By the time we meet him 17 years later, he is "perfectly sure of himself, entirely masculine in his tastes and in his general attitude, calm, methodical to a fault, almost completely lacking in imagination, cool and self-controlled, reserved, always equable in temper, lacking in vivacity if not actually gloomy, silent, a sort of benumbed, grey normality".
Having obtained a job in the Italian Government, he embraces Franco’s Civil War against the Spanish Republican Government, wanting him to win "with a profound, tenacious desire, as though such a victory would provide confirmation of the goodness and rightness of his own tastes and ideas not merely in the political field but in all others as well."
He now has the conviction that he is right. He has built "a bond, a bridge, a symbol of attachment and communion" with the middle class, the conventional, the ordinary, the common, the modest, the reassuring, the complacent.
No longer is he "a solitary, an abnormal person, a mad man, he was one of them, a brother, a fellow-citizen, a comrade".
In other words, he is a Conformist. Only, his resemblance to other men is "deliberate and imitative rather than a result of a conformity of inclination". He is a fake Conformist.
The Non-Conformist Mentor
Marcello’s conformity allows him to turn around and focus his energies on Non-Conformists. He feels repugnance for any form of corruption or decadence, and he is compelled to banish abnormality, subversion and disorder:
"The possession of the truth did not merely permit, it also imposed, action. Action was a confirmation of one’s own normality that must be provided both for oneself and for others."
Marcello’s first target is Edmondo Quadri, formerly his Professor in History and Philosophy who has become a leader of the anti-Fascist movement and is living in exile in Paris.
Quadri is gentle, affectionate and persuasive, a father figure, if not quite Christ-like, the epitome of what the Fascist Party describes as a "negative, impotent intellectual", who, after years of passive opposition, has "passed from thought to action".
So effectively we have a conflict between two men who have been called to action for different, almost mirror image, reasons.
Quadri tries to save Italy and Europe from Fascism. Marcello, placed in a position where he must bet on one horse or another, is a Conformist in one sphere, but must seem like a Judas in the other. Only History can tell who will prevail.
The Correction
To say more, to discuss the themes of the novel any more deeply, is to risk spoilers.
However, ultimately, Marcello must confront and deal with his complicity in the political crimes of the era.
He realises that, even outside the context of the War and Fascism, he is not the only guilty one. We are all guilty. None of us is innocent:
"All of us have been innocent...and we all lose our innocence, one way or another; it’s the normal thing."

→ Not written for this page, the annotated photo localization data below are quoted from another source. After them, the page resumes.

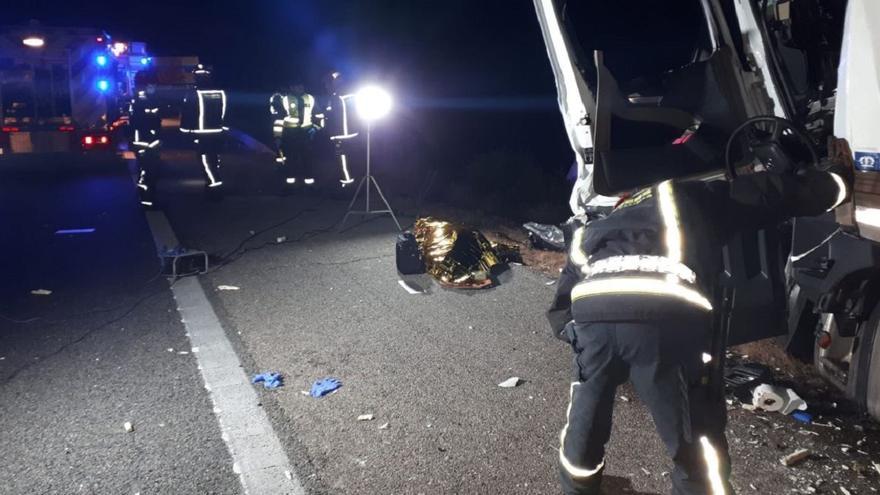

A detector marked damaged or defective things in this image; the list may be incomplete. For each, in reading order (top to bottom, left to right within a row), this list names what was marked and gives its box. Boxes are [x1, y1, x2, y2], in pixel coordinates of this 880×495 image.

crumpled vehicle [414, 218, 520, 290]
damaged truck [532, 0, 880, 420]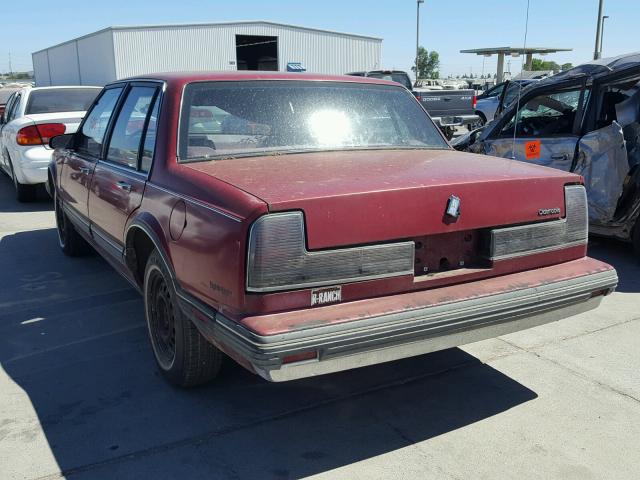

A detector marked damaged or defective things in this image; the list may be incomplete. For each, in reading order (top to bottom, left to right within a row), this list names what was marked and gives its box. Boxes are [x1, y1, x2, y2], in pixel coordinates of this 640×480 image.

damaged car windshield [179, 79, 450, 160]
wrecked car with open hood [456, 54, 640, 256]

In other words, he learns that, all along, he was no less innocent than anyone else. He didn’t need to aspire to normality.
Equally importantly, while he has struggled to achieve perfect normality, he discovers that the truly normal "take the utmost liberties with normality itself."
Marcello realises that normality is fallacious, "merely a mask for inverted pride and self-esteem".
He should have aimed for authenticity, to be true to himself, instead.
The Innocent
As part of Marcello’s embrace of normality, he marries Giulia and soon learns that they have had a daughter. On the night of her conception, he says:
"I have loved, I have united myself with a woman and have begotten another human being."
While fate inevitably determines the course of Marcello’s own life and career, he learns too late, but on our behalf, that our children deserve a different life, one of "liveliness, caprice, grace, lightness, clarity, freshness, adventure."
This is the positive message that illuminates the darkness at the end of the novel. And it’s not a bad message.
Footnotes:
(1) After a while, I started to keep track of some of the key abstract terms used in the novel. Ultimately, the thriller aspect of the novel took over, and they didn’t stand out as much. But here are the ones that began, strangely enough, with "c" or "a":
(2) I've placed some topics for further consideration in My Writings. They contain spoilers.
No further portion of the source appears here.